To address these challenges, the industry has started to move towards an anonymous identification approach that protects consumer privacy while still providing marketers with a deep understanding of their prospects and customers so they can deliver relevant ads and experiences. Referred to as unique identifiers, these anonymous IDs combine third-party cookie IDs, device IDs, CRM IDs and offline IDs to create an enriched profile of each user that has been exposed to a brand’s media and marketing across online and offline channels, as well as across devices. When these enriched profiles are used to feed the attribution process, marketers can uncover and optimize the effectiveness of each channel and tactic in driving conversions and other desired business outcomes by audience segment, across all platforms and devices.

Unique Identifiers: How Do They Work?
Today’s marketers use an ever-growing number of technologies to connect with consumers. The typical marketing technology portfolio now consists of dozens of disparate systems, ranging from ad servers, email platforms and CRM systems, to mobile solutions, third-party data providers, point of sale solutions and more. Each of these systems use cookies, pixel tags and/or other tracking mechanisms to create unique IDs that are associated with each individual. For example, a unique ID created by a CRM system might be identified as a loyal, high-end customer, while a separate unique identifier for the same individual from a third-party data provider might reveal this person is a female, age 35-50 with a household income of more than $100,000.

While these unique IDs provide valuable insight into individual attributes, preferences and behaviors, they are stored separately and are unique to each system, making it difficult for marketers to use the data effectively to target specific audiences or maximize the impact of their efforts across channels, touchpoints and devices.

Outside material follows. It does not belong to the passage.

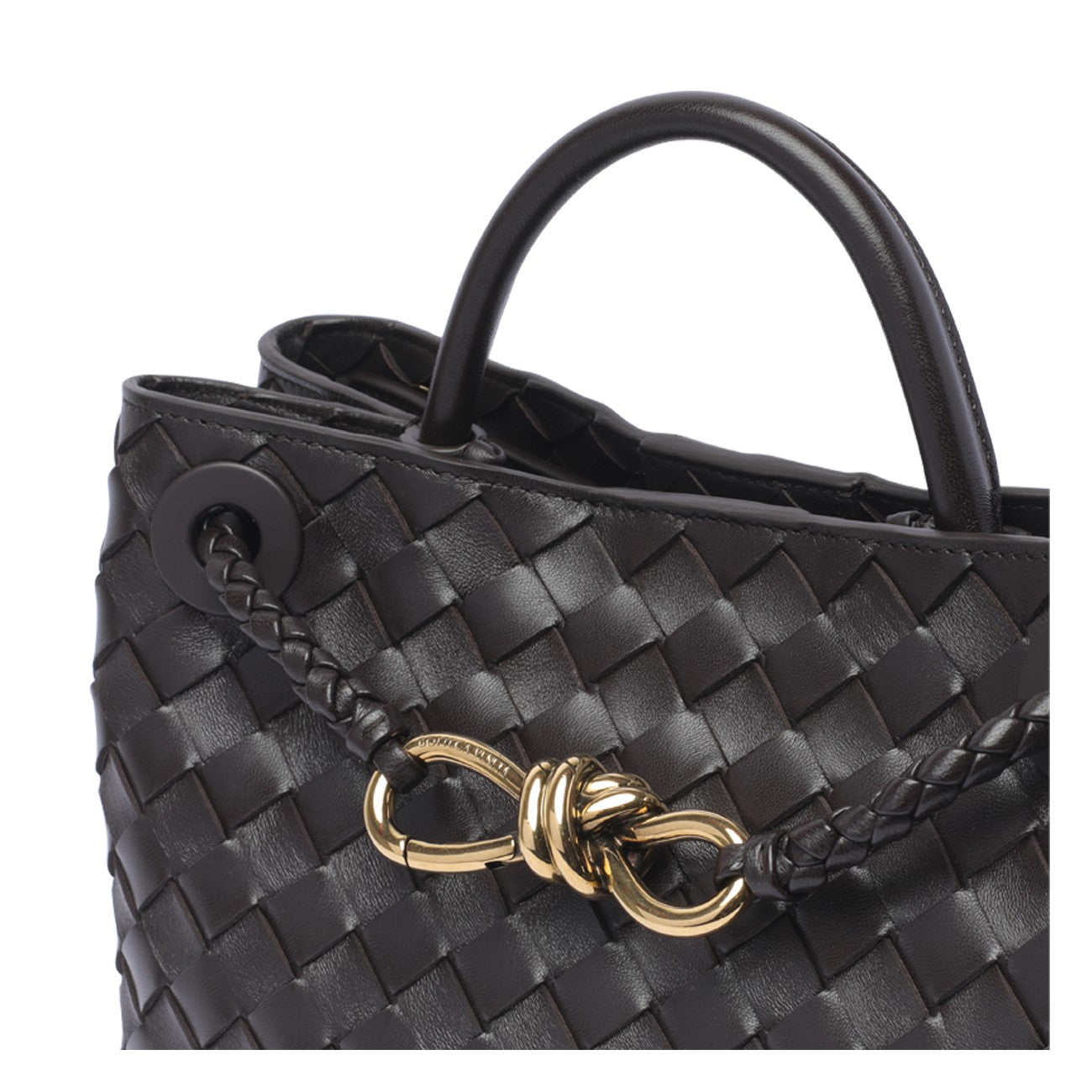 Bottega Veneta Bottega Veneta Women Andiamo Small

Fortunately, technological advancements are now enabling brands to piece all this disparate online, device and offline point of sale data together, reconciling millions of unique IDs into a single unique identifier for each individual. All personally identifiable information (PII) is removed to safeguard privacy, leaving an enriched, anonymized profile of each individual that interacts with a brand.

What Do Unique Identifiers Mean for Marketers?
The industry’s evolution toward the use of unique identifiers is the key to delivering on the promise of true people-based marketing. By assigning a unique identifier to each individual, marketers benefit from a comprehensive, end-to-end view of the consumer journey and how customers and prospects engage with their brand, regardless of where that interaction occurs. Moreover, marketers can organize individuals into customized audience segments based on relevant actions or desired characteristics, such customers who have made in-app purchases or those with the greatest lifetime value.

When these robust profiles are used to feed the attribution process, marketers receive an unparalleled view of marketing and advertising performance by audience segment. With visibility into which channels and tactics influence a specific audience, when and to what extent, marketers can orchestrate the optimal customer experience, and optimize their spend within and across channels to drive conversions, brand engagement, revenue, and other desired KPIs.

Cookies will likely continue to play an important role in tracking audience engagement. But as consumers continue to interact with brands across a growing number of channels and screens, marketers and advertisers should look to unique identifiers as a way to move beyond simply cookie-based tracking. When used for attribution measurement, unique identifiers make the promise of people-based marketing more achievable than ever.